Nothing, Nada, Zip, Bupkus

There is nothing new under the sun, and I have been wrestling this week with writing out ISO-standard well-known binary from PostGIS.

The most obvious difference is that the type numbers for encoding the presence of Z- and M-dimensions are not the ones described in the old OGC extension document [OGC members only, cited by Martin Daly in 2004, and extended further for PostGIS by Sandro Santilli that year] for WKB. Instead of setting high-bits to indicate the presence of Z and M, as OGC did, the ISO spec simply adds 1000.

So, the ISO geometry number for a PolygonZ is 3 (Polygon) + 1000 = 1003.

The, old OGC geometry number for a PolygonZ is 3 (Polygon) | 0x80000000 = 2147483651.

OGC seems more complex until you note that the function WKB_HASZ(num) can be written (num & 0x80000000). While the ISO test is (num >= 1000 && num < 2000). Setting flags for binary values (has-z, has-m, has-a-piece-of-pie) is nice.

Anyhow, that change was well-known and expected. What I didn’t expect was the amount of ambiguity surrounding the definition of an empty geometry in WKB.

To review, the spatial SQL definition includes the concept of an “empty geometry”, which is an empty set of a particular geometry type. The empty geometry has more information than a simple database NULL, which is a typeless emptiness. A ‘POLYGON ZM EMPTY’ has an implied dimensionality. It makes some sense that ST_Intersection() of two disjoint polygons would return a ‘POLYGON EMPTY’.

The ISO SQL/MM well-known text specification has clear directions for writing empty geometries of all types. In fact, I’ve just written two of them above: the type name plus the ‘EMPTY’ keyword.
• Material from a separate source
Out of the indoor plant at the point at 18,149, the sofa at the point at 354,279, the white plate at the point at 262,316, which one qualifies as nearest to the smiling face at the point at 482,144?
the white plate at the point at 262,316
For well-known binary, ISO SQL/MM includes the following useless guidance:

i) Case:
i) If <point binary representation> immediately contains a <wkbpoint binary>, then <point binary representation> is the well-known binary representation for an ST_Point value that is produced by <wkbpoint binary>.
ii) Otherwise, <point binary representation> produces an empty set of type ST_Point

Representing an empty point in WKB is hard because there’s nowhere obvious to indicate the lack of ordinates. But the ISO specification makes no attempt to solve the problem, they instead provide explicit guidance that is impossible to implement. Basically, if you are reading a WKB POINT and there are doubles after the TYPE number, you have a POINT(x y). If not, you have a POINT EMPTY. All well and good, but how do you distinguish, in a collection of WKB geometries, between the presence of doubles in the byte stream and the presence of another geometry in the stream? You don’t.
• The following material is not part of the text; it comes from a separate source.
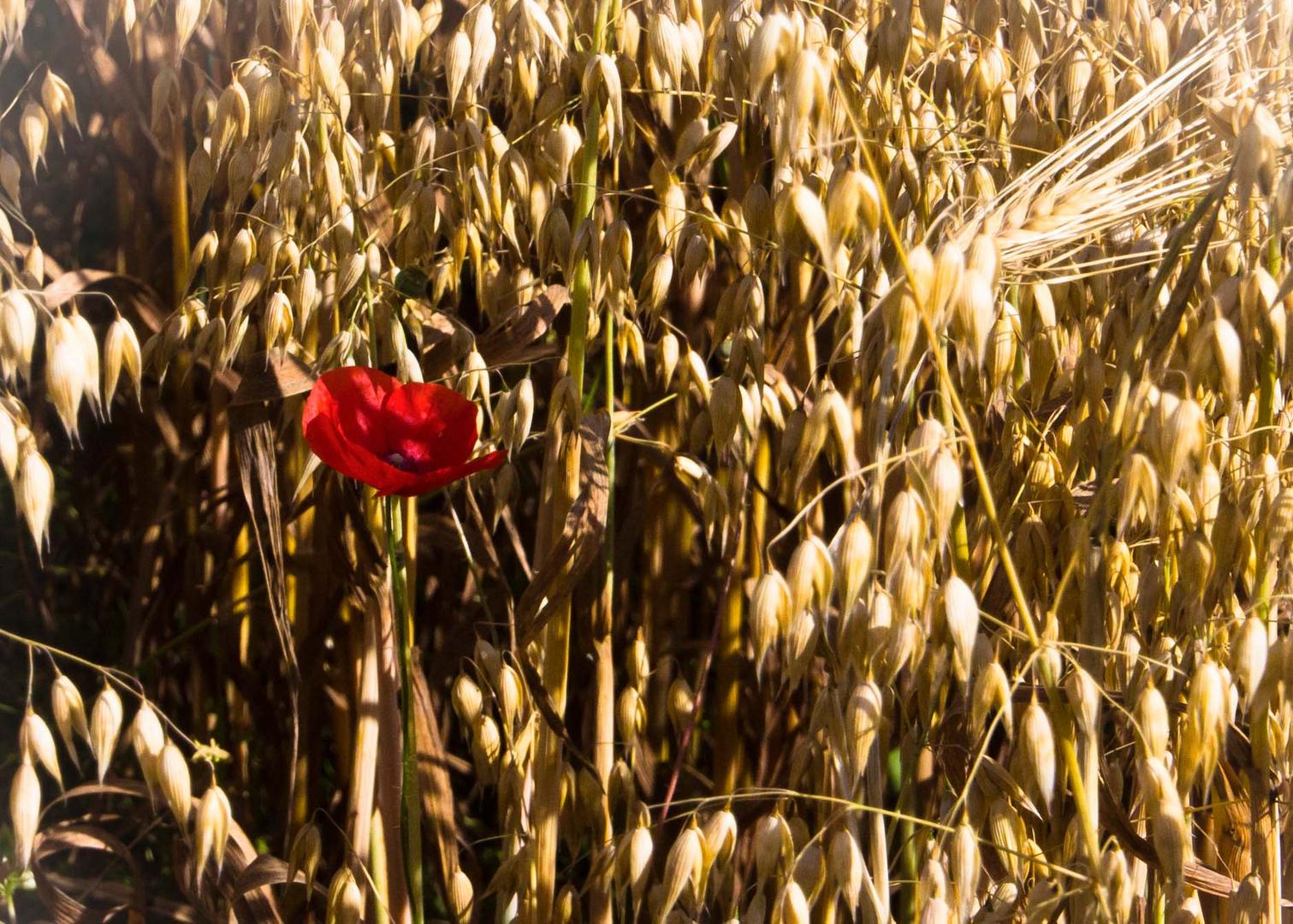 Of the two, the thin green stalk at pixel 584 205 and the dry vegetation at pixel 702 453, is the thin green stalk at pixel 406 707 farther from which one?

The ISO guidance for empty Linestrings is even worse!

q) Case:
i) If <linestring binary representation> immediately contains <num>, then <linestring binary representation> is the well-known binary representation for an ST_LineString value. Let APA be an ST_Point ARRAY value with cardinality of <num> that contains the ST_Point values specified by the immediately contained <wkbpoint binary>s. <linestring binary representation> produces an ST_LineString value as the result of the value expression: NEW ST_LineString(APA).
ii) Otherwise, <linestring binary representation> produces an empty set of type ST_LineString.
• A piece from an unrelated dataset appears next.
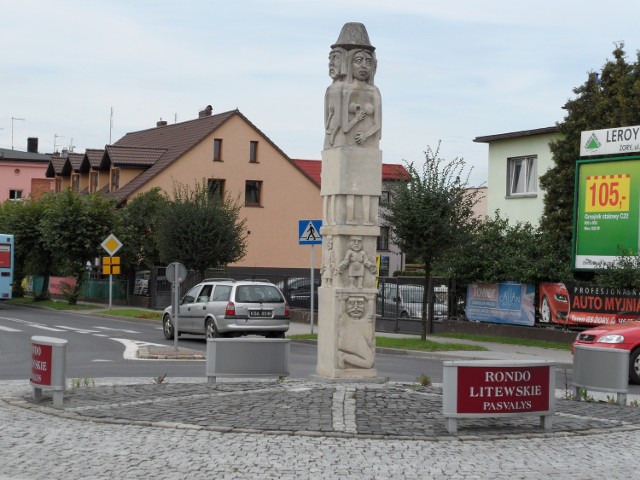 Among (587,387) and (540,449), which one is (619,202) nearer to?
(587,387)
As with the POINT case, the WKB reader is supposed to magically distinguish between an element of the current geometry (the <num>) in the byte-stream and an element of the next geometry in the byte-stream. And worse, the “clarifying” comment implicitly adds a whole new kind of empty geometry! What if the <num> is present, but the value is zero!?!

This is where the snake starts eating its tail. The way that implementations of OGC WKB have been encoding EMPTY geometries has been to provide the type number and an element count of zero. Back when PostGIS was first getting WKB support, Dave Blasby wrestled with the fact that the specification did not describe how to encode EMPTY. Mateusz Loskot recently published some information showing the WKB EMPTY implementation that Microsoft used for SQLServer. Their implementation is one of the options Dave described five years ago – there’s only so many ways to solve this problem.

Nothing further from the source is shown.